Southern Artery is a street in Quincy, Massachusetts. For much of its length it is a major arterial street which is used by an average of over 30,000 Boston area commuters daily.

Route description
Route 3A enters Quincy from the south at Weymouth Fore River onto Washington Street. Northbound on 3A, as Washington Street intersects Southern Artery, Route 3A turns north toward Dorchester and Interstate 93 along Southern Artery. In this section, Southern Artery is a heavily commercialized four lane undivided strip.

Among points of interest in this area is the Souther Tide Mill near the west end of Town River Bay. Built in 1806, the tide mill was partly owned by the Adams family and is the oldest surviving mill of its kind in the nation. The city of Quincy is working with preservationist groups to create a historical and recreational park at the mill. Farther north along the route is the site of the world's first Dunkin' Donuts shop, established in 1950 at 543 Southern Artery.
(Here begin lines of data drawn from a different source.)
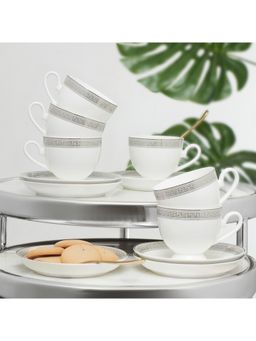 HomeTown - Amour Bone China Cup & Saucer Set Of 12 In Real Gold Plating & White Colour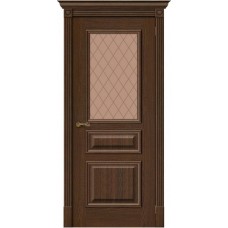 Дверь шпонированная BRAVO MR.WOOD Вуд Классик-15.1 ДО Golden Oak со стеклом Bronze Сrystal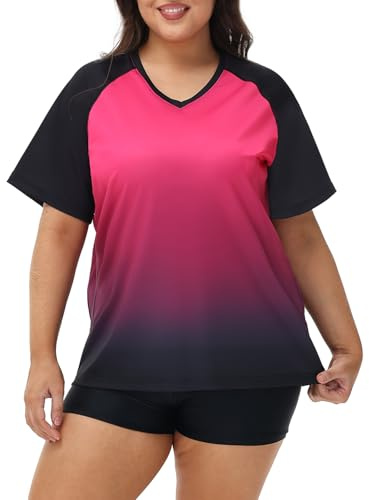 Plus Size Rash Guard for Women Sun Protection Swim Shirts Short Sleeve Loose Fit UPF 50+ Quick Dry Swimming Tops, Red Black, 3XL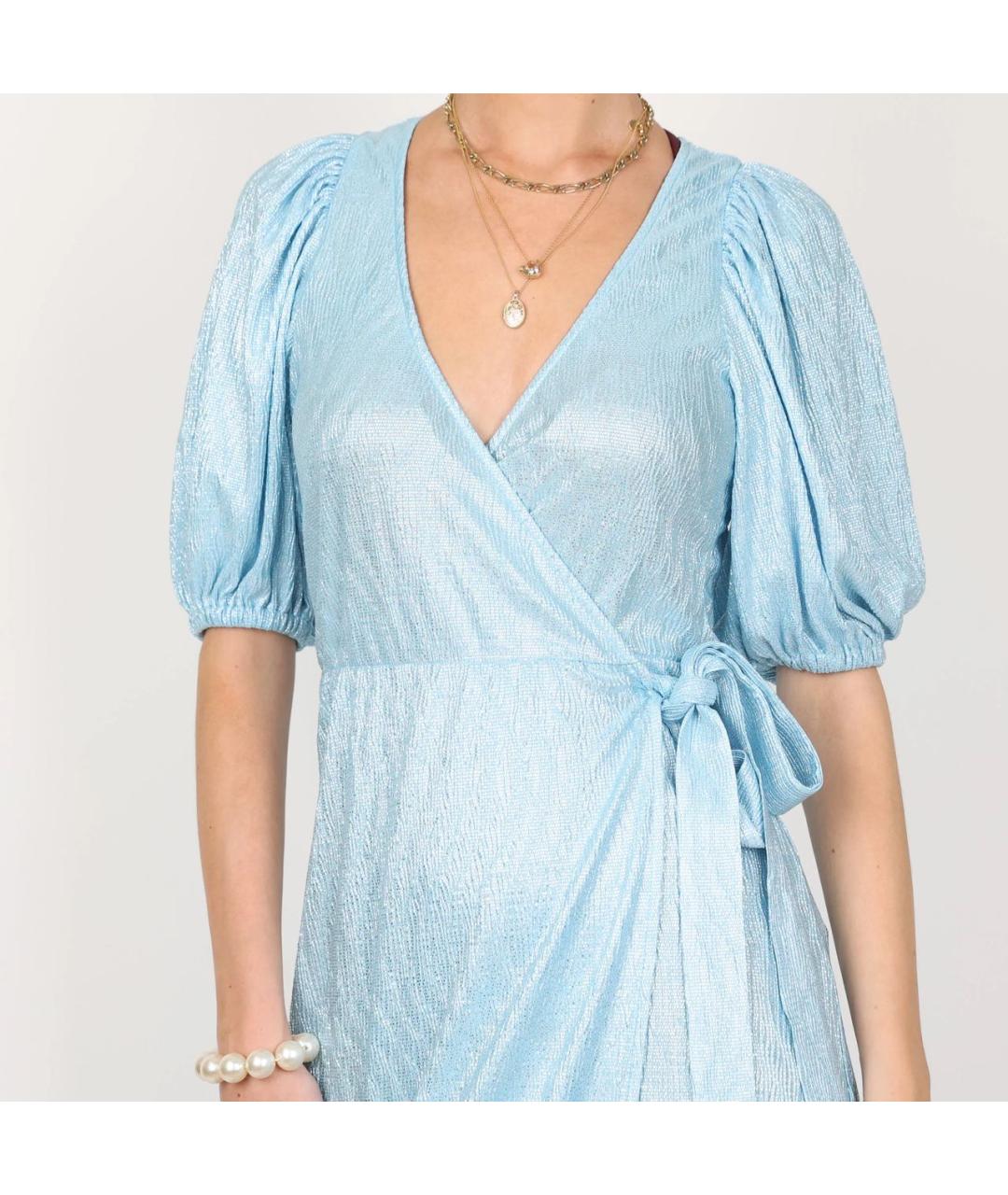 ROTATE Голубое полиэстеровое коктейльное платье, фото 4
The lot is occupied by a newer Dunkin' Donuts store which includes a small plaque inside commemorating this history.

At the end of the heavily commercialized section, Southern Artery intersects Coddington Street (south side) and Sea Street (north side) at the Quincy Police Department headquarters. Also at corners of this intersection are Quincy High School fields and Mount Wollaston Cemetery, Quincy's largest burial ground.

After crossing Coddington Street, Southern Artery passes the cemetery and into a residential area, ending at Furnace Brook Parkway. From there Route 3A continues to Hancock Street along a former stretch of Southern Artery that in 2001 was renamed the Merrymount Parkway.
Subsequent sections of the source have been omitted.